An artist and farmer has installed a sculpture garden in the town of Olds, and it's soon going to have 10 works of art on display for anyone to view. 

Morton Burke of nearby Bergen came up with the idea. And he's done it in a unique way.

A sculptor himself, Burke invited — and paid — international artists to visit his farm as part of an annual sculpture symposium. The artists would stay, get inspired and sculpt.

He's now moved half of the resulting stone artworks from his farmyard garden, called Bergen Rocks, to a public roadside gallery.

The town bought three of the sculptures for a total of $40,000, plus delivery, but more are on loan.

"Depending on how they're received by the community, etc., then they may acquire the whole collection after a period of time," Burke told the Homestretch's Jenny Howe.

Get out and walk around the sculptures, as many look different from different angles. (CBC)

Some of the pieces are appraised at more than $100,000, he said, and they're made from boulders. Burke hired a crane to bring the raw stones to his farm.

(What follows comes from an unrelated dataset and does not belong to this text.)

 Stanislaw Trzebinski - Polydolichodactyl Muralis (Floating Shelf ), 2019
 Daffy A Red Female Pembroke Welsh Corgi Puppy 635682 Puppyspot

The town spent an additional $55,000 to make a park with walking paths to showcase the artwork, according to its website.

Busy stretch, many potential visitors

For now, anyone can stop by to see the 10 sculptures on display, outside in the elements, at what's known as the Highway 27 Sculpture Pathway. It's on the north side of the busy stretch, near 65th Avenue.

"We thought that it was the best location and also because of the exposure that it'll get," Burke said. "There's several thousand cars travelling down Highway 27 every day."

The sculptures stick out prominently, being tall and wide. They look differently depending on the angle, and Burke estimates they'll last hundreds of years. 

He thinks the art can bring social and economic benefits to the town by encouraging more people to stop on their way through.

"I'd like to see it stimulate other communities to have a sculpture park, to see how wonderful this kind of thing is," Burke said. "I'd like to see a proliferation of sculpture parks."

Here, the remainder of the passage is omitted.